Integrating RWAs into the NFT Universe

RWAs, or Real World Assets, refer to any tangible or intangible asset that can be converted into a digital asset on the blockchain. This conversion offers numerous advantages, such as enhanced transparency and increased security of transactions. The benefit of blockchain technology also inherently opens up the global market due to its decentralized and open nature.

Integrating RWAs into the blockchain not only diversifies the assets available in decentralized finance (DeFi) but also creates a bridge between the physical and digital economies. Since investment offerings on the blockchain are currently very disconnected from the real world, this presents a great opportunity to democratize digital assets for the general public.

The Role of Fractional Payment Solutions

Fractional payment allows you to purchase a good or service in installments, spreading the cost over a defined period. In the Web2 world, there are startups like Klarna, which enable the division of payment for a product or service into several installments.

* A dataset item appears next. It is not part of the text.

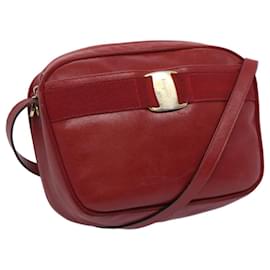 Salvatore Ferragamo-Salvatore Ferragamo Shoulder Bag Leather Red Auth 65861-Red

In the blockchain space, fractional payment plays a crucial role in making NFTs accessible, especially when it comes to tokenized real assets (RWAs). We are all familiar with collectible art NFTs like the Bored Ape series, which offer art collection and access to a community.

There are other NFTs, known as “utility” NFTs, that serve a function: access to a conference, tokenized real estate divided into 1000 NFTs, or assets that reward their holders as long as they possess them. For this type of NFTs, fractional payment solutions like Nemeos allow users, similar to Klarna, to enjoy goods or services immediately while spreading the payment over time.

Concrete Example: A Tokenized Real Estate Property

A developer can undertake a real estate operation by buying or constructing a property. To finance this operation, they can “tokenize” the property, dividing it into 1000 parts (1000 NFTs) on the blockchain. An investor interested in the returns proposed by the developer, derived from future rents, can decide to acquire 10% of the property by purchasing 100 of the 1000 available NFTs.

The investor can finance this purchase in the form of a loan via Nemeos, paying 25% of the amount due upfront (2.5% of the total price of the property), and the rest in future installments. The investor can then immediately start receiving their share of the property’s rent while keeping the rest of their capital available for other projects, benefiting from leverage.

Conclusion

The future of blockchain, enriched by the integration of Real World Assets (RWAs) and fractional payment solutions, promises to redefine our understanding of ownership and investment. These advancements open doors to unprecedented diversification and innovation, democratizing access to investment, and profoundly transforming the current financial system.

By preparing for these changes, investors and collectors can gain an edge over the uninitiated. Blockchain technology and cryptocurrencies, associated with real assets, will mark the beginning of a new era of opportunities and growth in the digital economy.